◆ EXERCISE REQUIREMENTS: Transcribe the data verbatim and drop its images.

◆ INPUT DATA:
──────────────────────────────
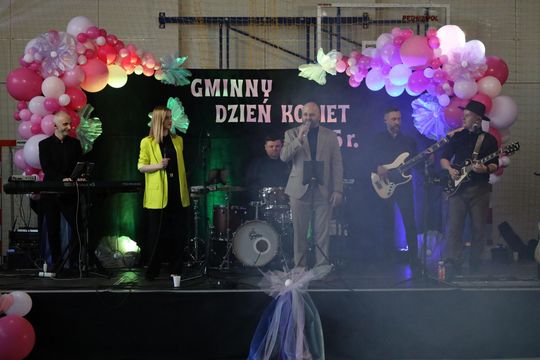 Dzień Kobiet w Leśniowicach. Pani bawiły się z zespołem Cookies Band cz. II [GALERIA ZDJĘĆ]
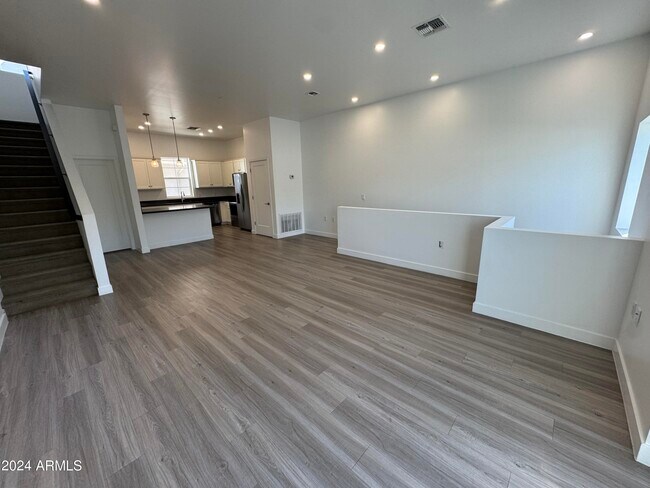 Building Photo - 615 N 6th Ave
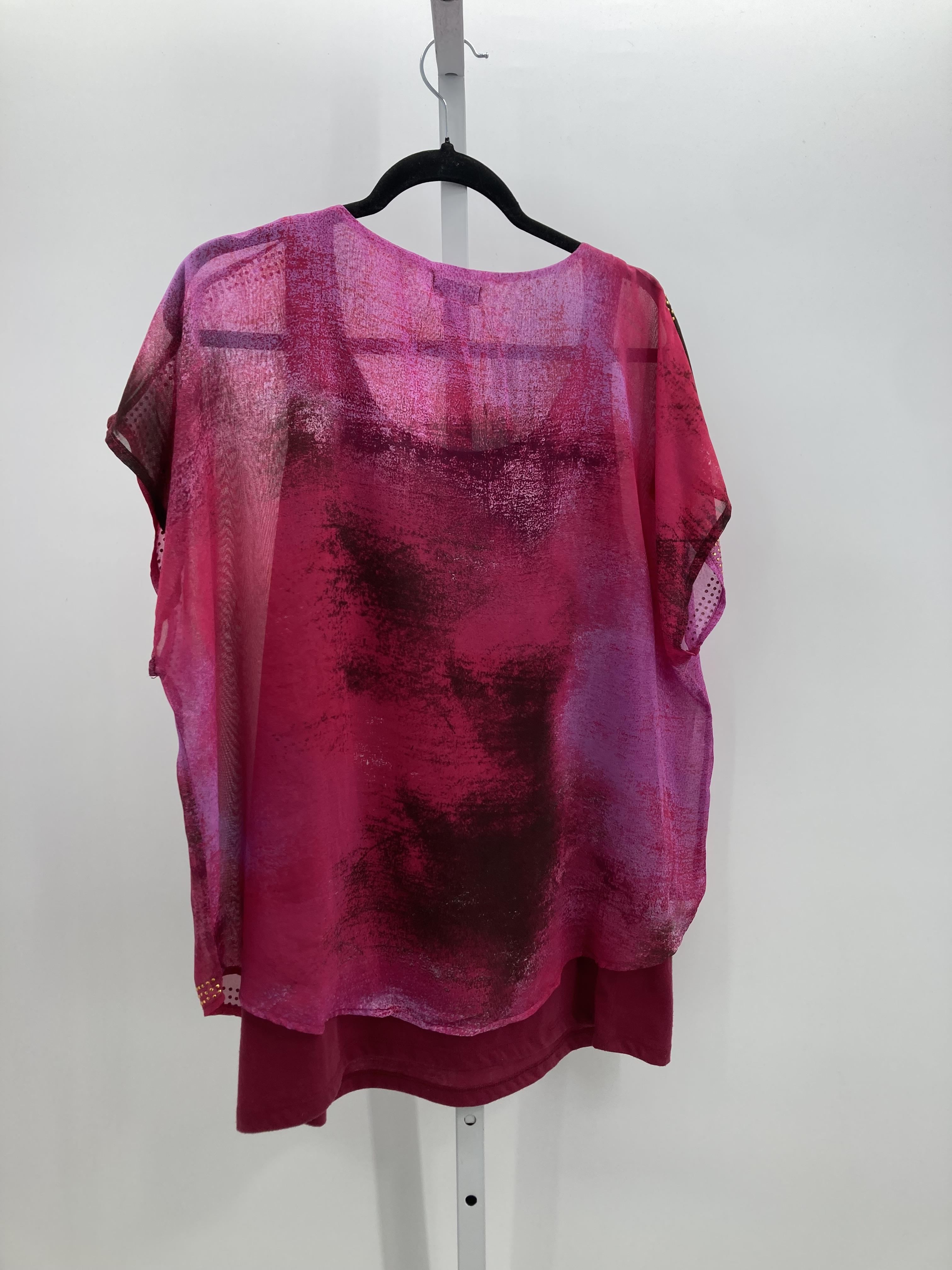 Size Extra Large Misses Short Sleeve Shirt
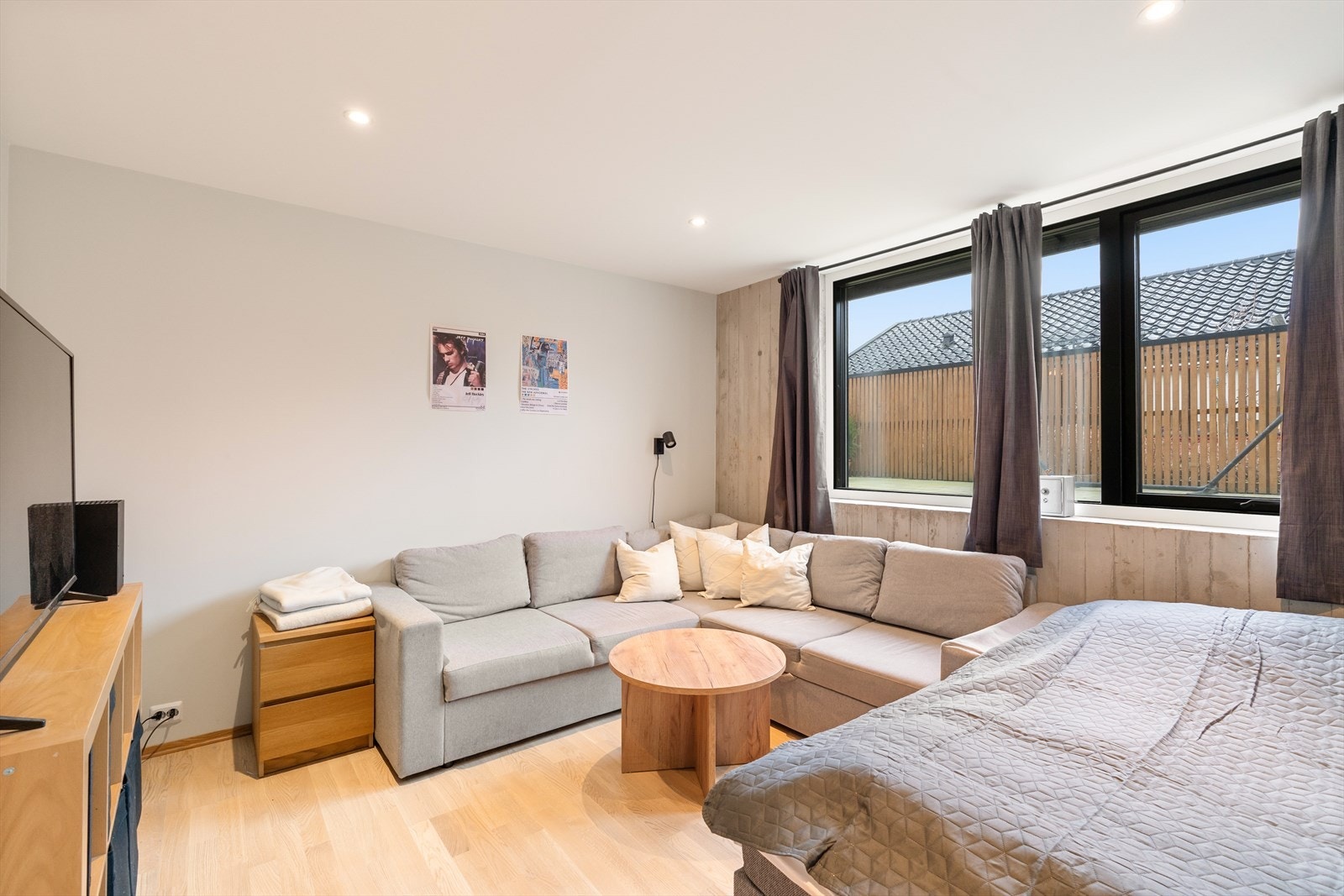 Dette rommet er inntegnet som stue på godkjente tegninger. Rommet er i dag delt av med vegg og dør, slik at det kan brukes som lukket stue eller soverom. Galleribilde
──────────────────────────────
◆ REPLY TO THE TASK:
 Dzień Kobiet w Leśniowicach. Pani bawiły się z zespołem Cookies Band cz. II [GALERIA ZDJĘĆ]
 Building Photo - 615 N 6th Ave
 Size Extra Large Misses Short Sleeve Shirt
 Dette rommet er inntegnet som stue på godkjente tegninger. Rommet er i dag delt av med vegg og dør, slik at det kan brukes som lukket stue eller soverom. Galleribilde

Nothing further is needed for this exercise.